◆ Problem requirements
The material below contains a line with "Entdecken Sie das" and a line with "Health aid milk thistle". Copy exactly those two lines and all lines between them.

◆ Data for review
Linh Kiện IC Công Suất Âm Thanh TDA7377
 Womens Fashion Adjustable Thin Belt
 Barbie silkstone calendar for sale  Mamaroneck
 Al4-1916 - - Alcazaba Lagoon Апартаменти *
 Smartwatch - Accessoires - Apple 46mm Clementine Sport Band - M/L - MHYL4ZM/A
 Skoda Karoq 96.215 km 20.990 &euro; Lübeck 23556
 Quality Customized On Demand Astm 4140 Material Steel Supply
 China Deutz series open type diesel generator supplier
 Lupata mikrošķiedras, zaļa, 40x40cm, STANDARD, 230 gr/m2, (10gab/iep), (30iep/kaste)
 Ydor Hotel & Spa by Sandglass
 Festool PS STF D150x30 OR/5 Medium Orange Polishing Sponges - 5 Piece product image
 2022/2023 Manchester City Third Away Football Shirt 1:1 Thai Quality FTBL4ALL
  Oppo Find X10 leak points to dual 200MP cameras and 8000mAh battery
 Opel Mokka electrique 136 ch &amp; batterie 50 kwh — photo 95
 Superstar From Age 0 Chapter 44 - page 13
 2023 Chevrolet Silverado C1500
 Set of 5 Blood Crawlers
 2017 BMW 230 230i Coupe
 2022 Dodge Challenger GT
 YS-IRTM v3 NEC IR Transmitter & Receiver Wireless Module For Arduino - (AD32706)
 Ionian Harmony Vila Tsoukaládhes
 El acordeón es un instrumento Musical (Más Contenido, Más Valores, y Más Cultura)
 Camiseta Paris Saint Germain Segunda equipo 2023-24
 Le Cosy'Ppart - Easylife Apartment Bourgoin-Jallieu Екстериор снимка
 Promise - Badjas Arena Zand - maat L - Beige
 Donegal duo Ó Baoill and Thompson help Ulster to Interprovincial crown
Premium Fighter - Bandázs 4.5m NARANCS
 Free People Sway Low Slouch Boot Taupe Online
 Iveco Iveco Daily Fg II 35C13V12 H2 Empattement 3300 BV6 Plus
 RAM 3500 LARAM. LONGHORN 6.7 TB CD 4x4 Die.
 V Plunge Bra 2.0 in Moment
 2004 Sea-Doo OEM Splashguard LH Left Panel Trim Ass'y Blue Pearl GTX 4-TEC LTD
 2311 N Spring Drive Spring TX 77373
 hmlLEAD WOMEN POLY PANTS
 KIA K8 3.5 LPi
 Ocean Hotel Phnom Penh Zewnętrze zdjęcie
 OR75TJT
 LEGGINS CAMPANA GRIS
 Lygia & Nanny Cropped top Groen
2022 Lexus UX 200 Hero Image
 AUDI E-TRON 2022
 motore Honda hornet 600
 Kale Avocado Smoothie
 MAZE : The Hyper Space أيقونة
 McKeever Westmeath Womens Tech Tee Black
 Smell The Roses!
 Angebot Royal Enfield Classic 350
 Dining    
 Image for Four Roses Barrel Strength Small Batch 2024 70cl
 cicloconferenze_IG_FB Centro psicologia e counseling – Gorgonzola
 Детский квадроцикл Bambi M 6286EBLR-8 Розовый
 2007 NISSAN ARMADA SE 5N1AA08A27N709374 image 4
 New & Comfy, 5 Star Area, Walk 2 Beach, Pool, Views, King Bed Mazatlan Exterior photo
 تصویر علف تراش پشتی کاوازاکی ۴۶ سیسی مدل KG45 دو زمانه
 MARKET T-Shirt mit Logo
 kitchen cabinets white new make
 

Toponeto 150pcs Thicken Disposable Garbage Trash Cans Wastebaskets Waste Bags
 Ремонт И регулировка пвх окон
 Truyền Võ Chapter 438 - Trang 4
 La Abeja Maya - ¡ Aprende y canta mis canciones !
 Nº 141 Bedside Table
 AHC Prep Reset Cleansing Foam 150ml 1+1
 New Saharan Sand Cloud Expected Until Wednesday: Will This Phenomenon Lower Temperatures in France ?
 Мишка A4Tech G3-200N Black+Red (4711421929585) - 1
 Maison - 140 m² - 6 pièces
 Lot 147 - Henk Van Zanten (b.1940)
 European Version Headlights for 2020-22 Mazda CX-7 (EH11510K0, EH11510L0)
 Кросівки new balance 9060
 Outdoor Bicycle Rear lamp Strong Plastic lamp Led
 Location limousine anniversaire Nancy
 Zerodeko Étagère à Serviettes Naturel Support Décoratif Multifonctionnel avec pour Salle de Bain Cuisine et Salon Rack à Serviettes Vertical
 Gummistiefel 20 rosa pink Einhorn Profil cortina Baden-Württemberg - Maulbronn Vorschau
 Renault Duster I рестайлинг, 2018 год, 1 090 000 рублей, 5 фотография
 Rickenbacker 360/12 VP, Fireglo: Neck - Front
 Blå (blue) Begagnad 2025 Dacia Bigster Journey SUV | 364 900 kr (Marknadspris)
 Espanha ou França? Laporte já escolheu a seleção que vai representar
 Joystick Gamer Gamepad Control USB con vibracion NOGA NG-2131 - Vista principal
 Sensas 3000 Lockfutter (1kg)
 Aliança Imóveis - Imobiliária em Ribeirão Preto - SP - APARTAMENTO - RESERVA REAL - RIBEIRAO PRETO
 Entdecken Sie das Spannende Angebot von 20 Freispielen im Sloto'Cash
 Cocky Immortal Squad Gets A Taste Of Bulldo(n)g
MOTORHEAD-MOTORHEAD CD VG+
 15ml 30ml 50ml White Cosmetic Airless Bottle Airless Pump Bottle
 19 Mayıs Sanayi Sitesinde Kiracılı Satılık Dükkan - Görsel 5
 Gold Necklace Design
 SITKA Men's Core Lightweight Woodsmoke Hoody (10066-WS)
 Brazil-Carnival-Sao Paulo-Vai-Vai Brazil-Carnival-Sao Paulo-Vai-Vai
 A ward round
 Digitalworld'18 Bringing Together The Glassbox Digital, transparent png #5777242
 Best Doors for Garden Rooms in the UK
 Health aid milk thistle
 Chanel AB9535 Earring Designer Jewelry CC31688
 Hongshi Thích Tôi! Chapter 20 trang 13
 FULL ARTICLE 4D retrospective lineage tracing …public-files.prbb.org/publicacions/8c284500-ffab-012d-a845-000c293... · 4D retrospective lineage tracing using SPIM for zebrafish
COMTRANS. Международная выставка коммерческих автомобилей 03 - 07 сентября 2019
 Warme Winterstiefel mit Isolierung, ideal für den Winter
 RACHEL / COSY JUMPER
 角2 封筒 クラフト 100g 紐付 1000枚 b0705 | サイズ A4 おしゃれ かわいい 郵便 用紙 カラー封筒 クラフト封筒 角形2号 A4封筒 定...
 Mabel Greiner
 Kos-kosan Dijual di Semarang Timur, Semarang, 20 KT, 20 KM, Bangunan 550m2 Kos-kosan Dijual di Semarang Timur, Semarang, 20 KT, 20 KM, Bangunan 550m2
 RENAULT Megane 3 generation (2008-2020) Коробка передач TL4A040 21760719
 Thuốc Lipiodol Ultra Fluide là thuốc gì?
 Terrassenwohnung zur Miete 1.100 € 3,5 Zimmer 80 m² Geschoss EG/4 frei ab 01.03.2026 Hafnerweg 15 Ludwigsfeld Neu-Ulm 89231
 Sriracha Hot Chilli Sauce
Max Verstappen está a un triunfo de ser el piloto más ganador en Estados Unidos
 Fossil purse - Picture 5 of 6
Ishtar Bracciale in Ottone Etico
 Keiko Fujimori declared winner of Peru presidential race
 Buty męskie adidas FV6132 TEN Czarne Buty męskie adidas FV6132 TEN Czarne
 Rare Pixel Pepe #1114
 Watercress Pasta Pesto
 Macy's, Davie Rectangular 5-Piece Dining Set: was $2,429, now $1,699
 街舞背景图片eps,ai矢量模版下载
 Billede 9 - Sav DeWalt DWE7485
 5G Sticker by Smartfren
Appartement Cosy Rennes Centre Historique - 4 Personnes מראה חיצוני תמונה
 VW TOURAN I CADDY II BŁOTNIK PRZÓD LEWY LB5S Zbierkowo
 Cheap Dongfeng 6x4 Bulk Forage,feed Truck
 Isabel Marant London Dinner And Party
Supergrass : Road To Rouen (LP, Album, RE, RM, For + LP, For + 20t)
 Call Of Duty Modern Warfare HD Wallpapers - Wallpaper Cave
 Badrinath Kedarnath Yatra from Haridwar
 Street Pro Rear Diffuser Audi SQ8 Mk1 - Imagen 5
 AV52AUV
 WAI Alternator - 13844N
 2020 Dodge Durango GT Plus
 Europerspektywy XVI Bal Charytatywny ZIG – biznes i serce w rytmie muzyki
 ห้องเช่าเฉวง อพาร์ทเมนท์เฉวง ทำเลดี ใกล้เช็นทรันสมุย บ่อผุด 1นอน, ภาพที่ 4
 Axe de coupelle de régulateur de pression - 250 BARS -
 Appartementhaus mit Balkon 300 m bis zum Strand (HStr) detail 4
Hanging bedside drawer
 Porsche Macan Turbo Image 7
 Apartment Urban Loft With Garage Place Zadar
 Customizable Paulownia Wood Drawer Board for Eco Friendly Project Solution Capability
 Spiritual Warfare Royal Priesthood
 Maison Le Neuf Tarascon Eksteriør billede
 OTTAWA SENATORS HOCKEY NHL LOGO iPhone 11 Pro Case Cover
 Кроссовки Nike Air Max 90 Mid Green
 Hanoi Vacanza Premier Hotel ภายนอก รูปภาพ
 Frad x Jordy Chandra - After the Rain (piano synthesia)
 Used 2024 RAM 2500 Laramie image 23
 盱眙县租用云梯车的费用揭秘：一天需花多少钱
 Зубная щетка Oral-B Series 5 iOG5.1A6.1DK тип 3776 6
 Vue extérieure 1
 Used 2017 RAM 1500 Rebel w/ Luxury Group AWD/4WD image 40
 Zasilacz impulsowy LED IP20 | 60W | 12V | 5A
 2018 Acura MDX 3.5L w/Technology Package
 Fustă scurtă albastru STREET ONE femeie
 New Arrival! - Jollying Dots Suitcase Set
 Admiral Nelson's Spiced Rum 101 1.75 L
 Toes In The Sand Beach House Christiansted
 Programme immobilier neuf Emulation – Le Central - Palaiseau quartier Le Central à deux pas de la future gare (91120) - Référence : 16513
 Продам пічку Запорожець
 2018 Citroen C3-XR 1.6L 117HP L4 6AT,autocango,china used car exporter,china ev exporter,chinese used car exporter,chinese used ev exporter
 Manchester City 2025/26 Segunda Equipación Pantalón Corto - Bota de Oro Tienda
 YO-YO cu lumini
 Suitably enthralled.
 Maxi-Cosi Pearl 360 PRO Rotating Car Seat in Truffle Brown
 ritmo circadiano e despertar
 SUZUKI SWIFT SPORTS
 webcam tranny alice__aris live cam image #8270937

◆ Solution to this problem
 Entdecken Sie das Spannende Angebot von 20 Freispielen im Sloto'Cash
 Cocky Immortal Squad Gets A Taste Of Bulldo(n)g
MOTORHEAD-MOTORHEAD CD VG+
 15ml 30ml 50ml White Cosmetic Airless Bottle Airless Pump Bottle
 19 Mayıs Sanayi Sitesinde Kiracılı Satılık Dükkan - Görsel 5
 Gold Necklace Design
 SITKA Men's Core Lightweight Woodsmoke Hoody (10066-WS)
 Brazil-Carnival-Sao Paulo-Vai-Vai Brazil-Carnival-Sao Paulo-Vai-Vai
 A ward round
 Digitalworld'18 Bringing Together The Glassbox Digital, transparent png #5777242
 Best Doors for Garden Rooms in the UK
 Health aid milk thistle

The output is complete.